§ **TASK PROMPT**:
Skip the pictures and write out, word for word, the lines below from the one with "Desmin Antibody in" through the one with "Use Of A Rapid", inclusive.

§ **STUDY MATERIAL**:

********************

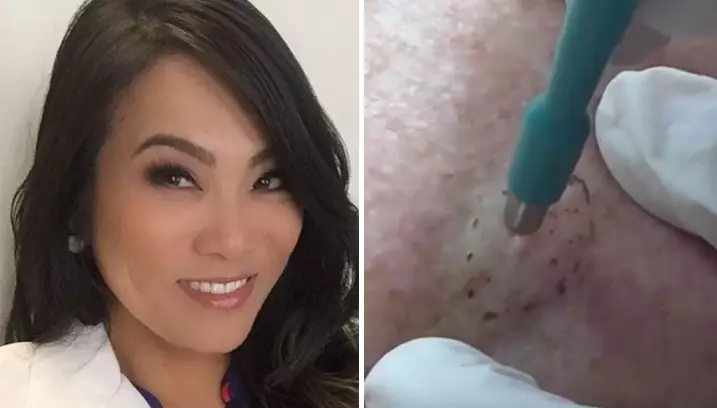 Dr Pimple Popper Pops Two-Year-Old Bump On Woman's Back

********************

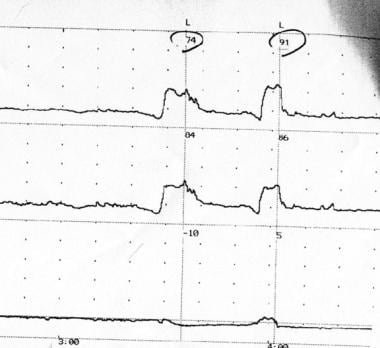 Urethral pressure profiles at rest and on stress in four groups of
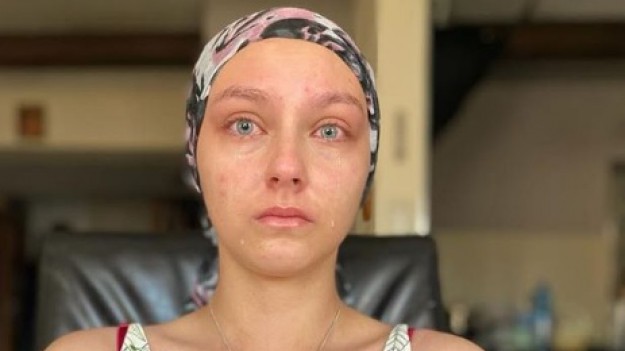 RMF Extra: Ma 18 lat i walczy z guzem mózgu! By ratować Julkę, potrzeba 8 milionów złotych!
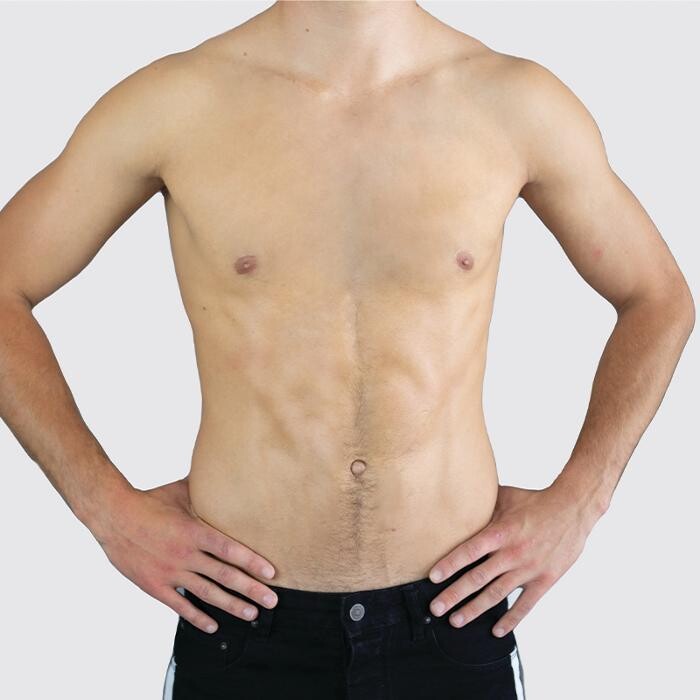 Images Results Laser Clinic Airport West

********************

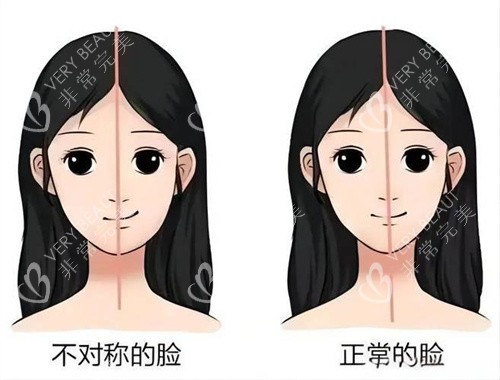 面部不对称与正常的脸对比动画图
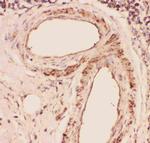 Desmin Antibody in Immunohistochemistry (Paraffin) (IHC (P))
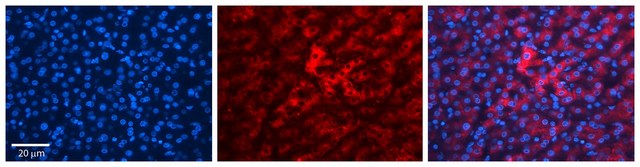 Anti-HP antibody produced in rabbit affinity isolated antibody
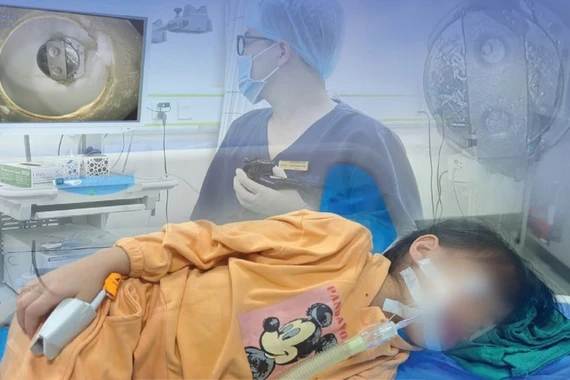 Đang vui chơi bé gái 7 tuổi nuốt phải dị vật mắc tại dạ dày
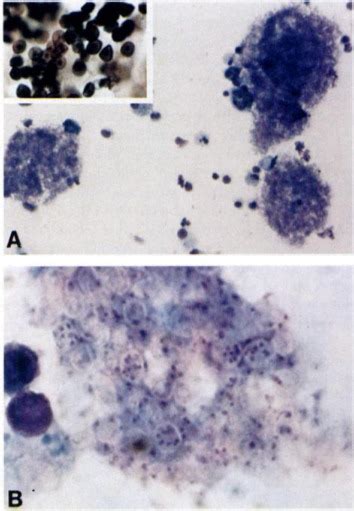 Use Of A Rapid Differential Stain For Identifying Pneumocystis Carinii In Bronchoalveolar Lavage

********************

§ **COMPLETED TASK**:
 Desmin Antibody in Immunohistochemistry (Paraffin) (IHC (P))
 Anti-HP antibody produced in rabbit affinity isolated antibody
 Đang vui chơi bé gái 7 tuổi nuốt phải dị vật mắc tại dạ dày
 Use Of A Rapid Differential Stain For Identifying Pneumocystis Carinii In Bronchoalveolar Lavage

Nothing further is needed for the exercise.